Spotted Peccary Music – 2013
After listening to Found countless times, I finally figured out the best analogy for the music. I’ve never attempted to surf in my entire life, but David Helpling and Jon Jenkins create composition that has what I imagine to be a similar sensation as surfing. Most of these tracks begin softly, as you paddle out into a tranquil ocean. While you wait for a wave, the music shines down like rays from the sun and makes you feel everything going on in your life at that moment is just fine.
Then you catch a wave and ride it on an emotional journey back to the shoreline. “The Opening” definitely has this audio-visual connotation.
In “Sun Racer” the two composers rapidly flow their composition to reach the deepest part of your heart. The finish line is your spiritual core. Helpling and Jenkins are masters of their audio realm. They compose gigantic, expansive emotional vistas that paint beautiful pictures. They want you to feel happiness, calmness and warmth.

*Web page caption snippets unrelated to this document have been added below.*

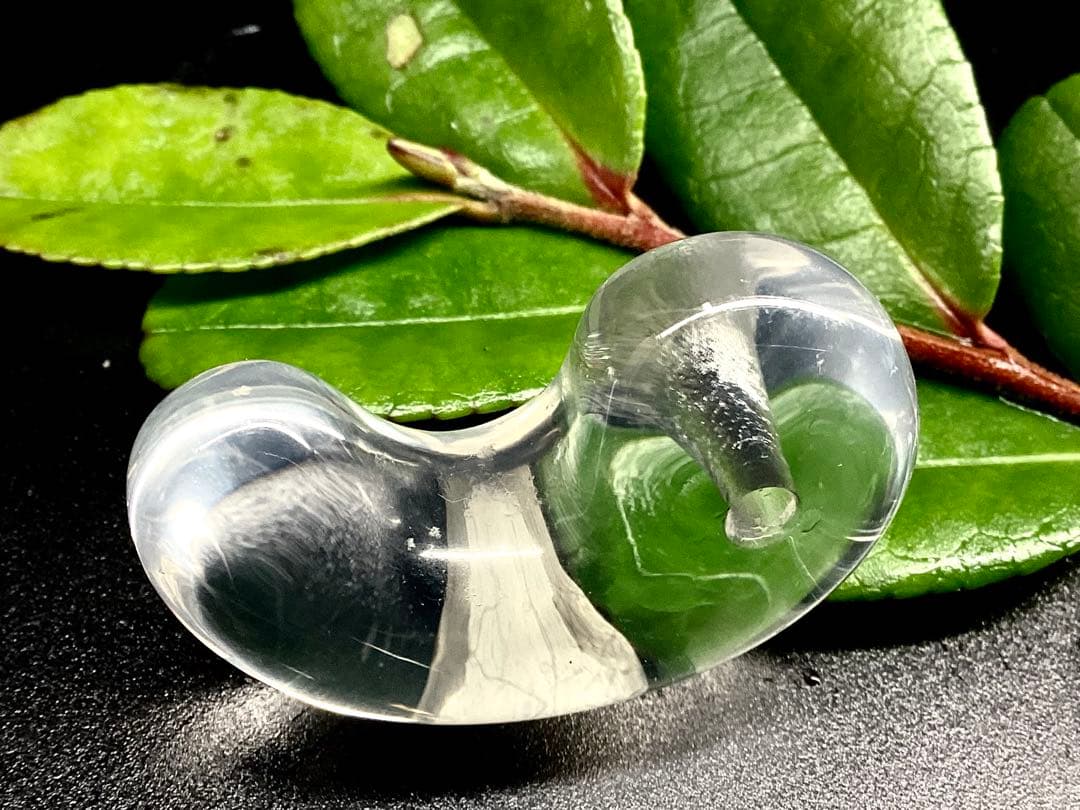 黒平鉱山水晶　今年一番の透明　国産天然石*最強パワー‼️13万円以上の勾玉鑑別書付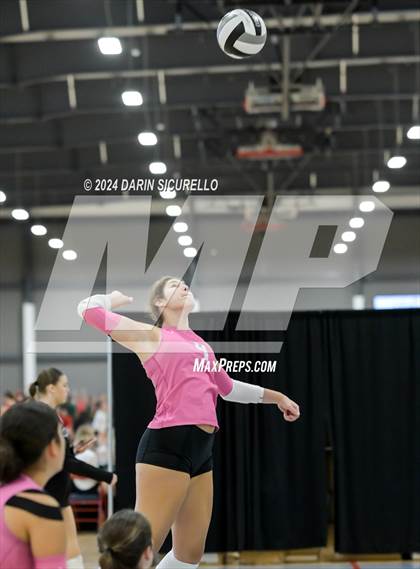 Thumbnail 2 in Bishop O'Dowd vs. Crescent Valley (Nike TOC Southwest) photogallery.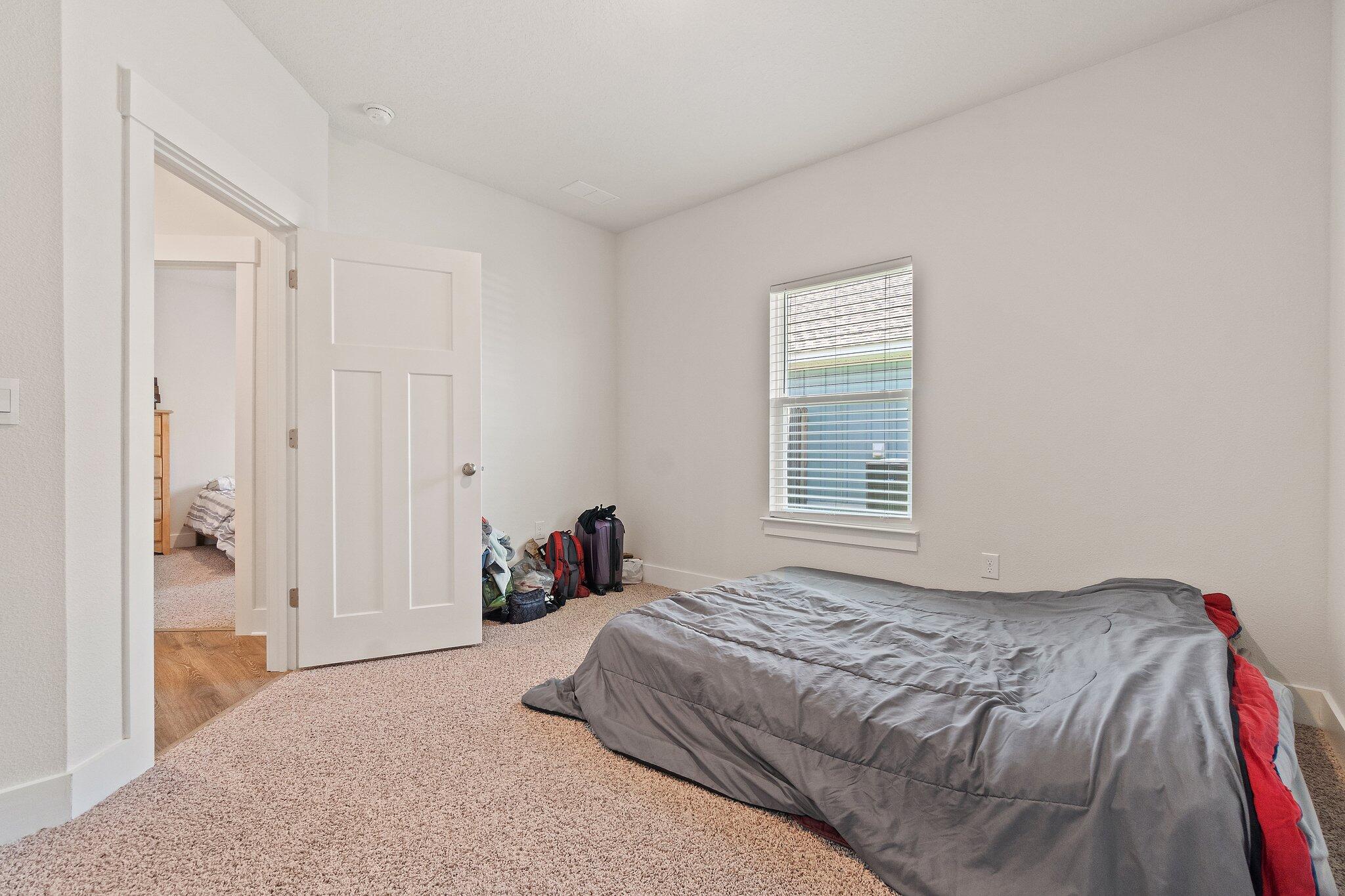 SAILFISH POINTE - Residential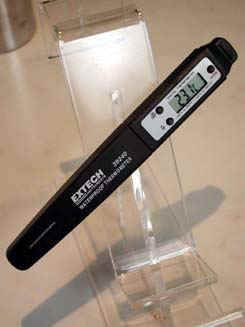 39240_th-stick03_245x327.jpg (29125 bytes)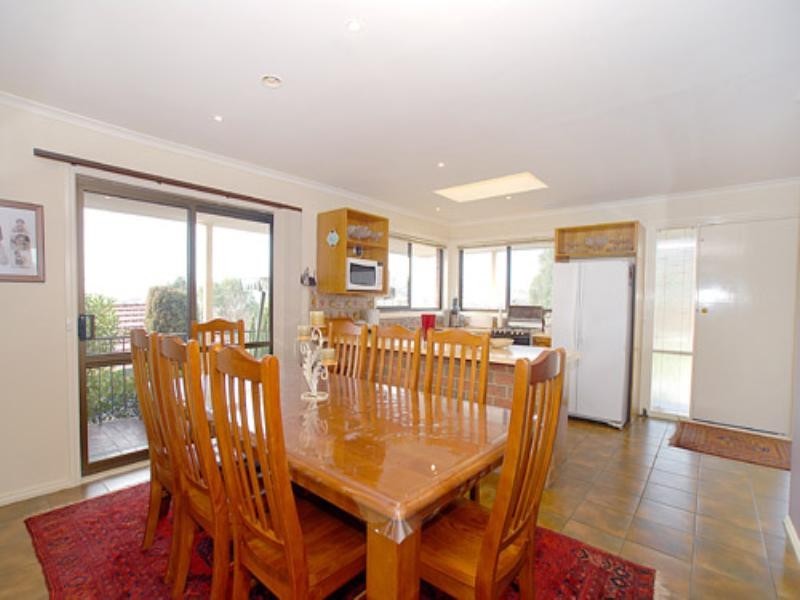 17 Pine View Court, Lysterfield VIC 3156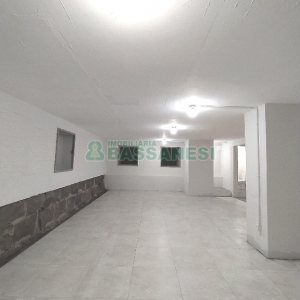 Loja com 330m², no bairro Centro em Caxias do Sul para Alugar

David Helpling’s guitar in “Through and Through” has a delay/echo-effect that will make you think of The Edge from U2. This guitar is surrounded by dreamy keyboard lines and exotic percussion Jon Jenkins always seems to provide. There is a sadness that pervades this composition that tugs on your heart strings.
I love the juxtaposition of the words in the title “Almost Never.” The slow groove the guys establish is cool and allows them to fill the audio space with all sorts of little musical touches. There are numerous keyboard additions that drift in and out of the track, bringing considerable texture.
“Lost” makes a bold statement from the beginning as drums pound home what must surely be a message of emotional being.
The music in “Through Tears” has all the stellar elements the composers have used on their trilogy of studio albums (Treasure, The Crossing and now Found).
The piano in “Edge of Tomorrow,” reminds me of David Helpling’s earlier album, Sleeping On The Edge Of The World.
The album title track “Found” features a Tangerine Dream influenced sequenced keyboard. Female vocalist Miriam Stockley adds her ethereal voice over the tune to heighten the song’s spiritual power.
David Helpling and Jon Jenkins give “For The Ages” a sense of completion. I don’t know yet if this is just for this album or the music collaboration they’ve stretched over three gorgeous ambient studio albums and one live performance, Beyond Words.